§ SUPPLIED INFORMATION:
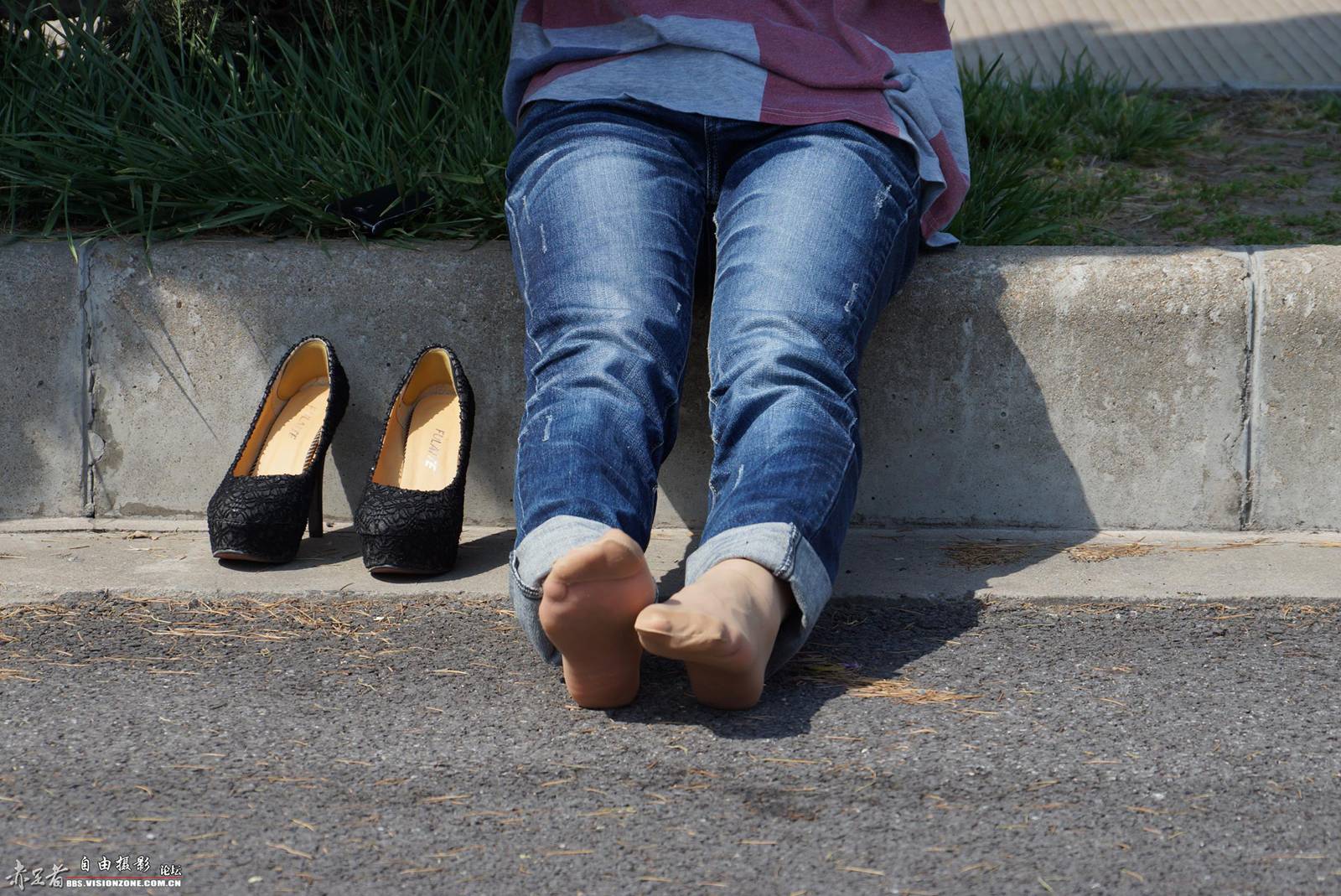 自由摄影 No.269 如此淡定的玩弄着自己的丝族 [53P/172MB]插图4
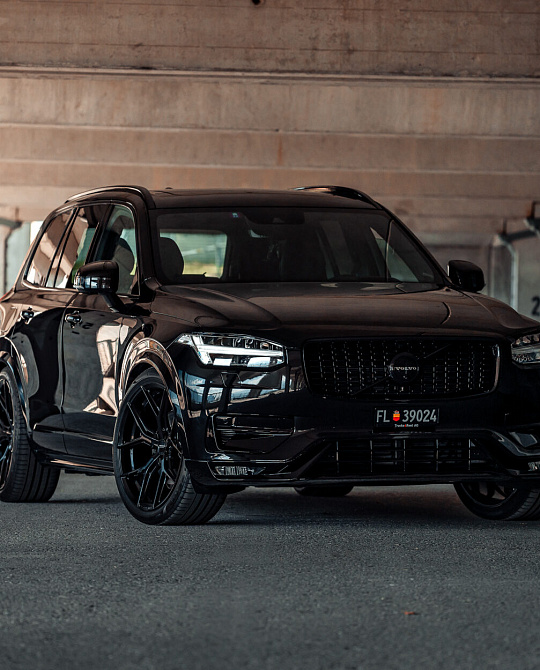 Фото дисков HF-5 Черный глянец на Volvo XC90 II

--

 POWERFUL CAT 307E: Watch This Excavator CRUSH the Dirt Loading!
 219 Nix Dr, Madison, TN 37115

...

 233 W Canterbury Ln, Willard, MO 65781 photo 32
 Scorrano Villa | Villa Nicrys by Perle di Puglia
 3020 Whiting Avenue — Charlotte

§ WORK ORDER: Above is a listing; print exactly its lines from the one with "POWERFUL CAT 307E: Watch" through the one with "219 Nix Dr, Madison, TN 37115", and no other lines.

§ ANSWER TO THE PROBLEM:
 POWERFUL CAT 307E: Watch This Excavator CRUSH the Dirt Loading!
 219 Nix Dr, Madison, TN 37115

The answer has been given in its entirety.